The Cyperaceae, or sedge, family is a family of flowering plants that grow in wet regions around the world. It contains around 5,000 different plant species, many of which have shown remarkable biological properties in in vitro and in vivo studies. According to researchers, plants from the sedge family owe their health-promoting properties to the high amounts of phenols and flavonoids they contain. These properties include antioxidant, anti-inflammatory, antimicrobial and anti-cancer properties, among others.

In a recent study, researchers at the Federal University of Alagoas in Brazil investigated the biological and chemical properties of three representative plants from the sedge family, namely, Kyllinga odorata (fragrant spikesedge), Oxycaryum cubensis (Cuban bulrush) and Rhynchospora nervosa (white star sedge). They specifically looked at the antimicrobial and antioxidant potentials of these medicinal plants and sought to identify the compounds responsible for their uses. The researchers reported their findings in an article published in the Journal of Medicinal Plants Research.
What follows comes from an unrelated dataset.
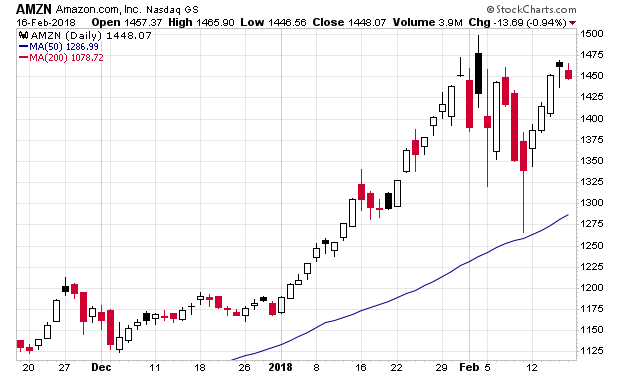 amzn_3m.png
Plants in the sedge family are rich sources of natural antioxidant and antimicrobial agents

Many species from the sedge family have attracted scientific interest because of their abundance of antimicrobial components. The researchers chose fragrant spikesedge because of its history of use as a traditional medicine in Paraguay. Previous studies also suggest that it has diuretic, antispasmodic, antidiarrheal and astringent properties that can be attributed to its flavone and tannin content.
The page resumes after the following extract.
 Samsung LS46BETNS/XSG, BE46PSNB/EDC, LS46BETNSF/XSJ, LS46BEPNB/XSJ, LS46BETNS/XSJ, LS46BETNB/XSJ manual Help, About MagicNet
Meanwhile, plants from the genus Rhynchospora, to which white star sedge belongs, have been found to contain plenty of natural antimicrobial agents. In contrast, plants from the genus Oxycaryum have not been examined for their biological properties despite reports of their medicinal uses. (Related: Survival tips and tricks: 5 NATURAL antibiotics in your kitchen.)

For their experiment, the researchers prepared hydroalcoholic extracts from the aerial and underground parts of fragrant spikesedge, Cuban bulrush and white star sedge. They then analyzed the extracts’ phytochemical composition, quantified their total flavonoid and phenol content, and evaluated their in vitro antioxidant activities.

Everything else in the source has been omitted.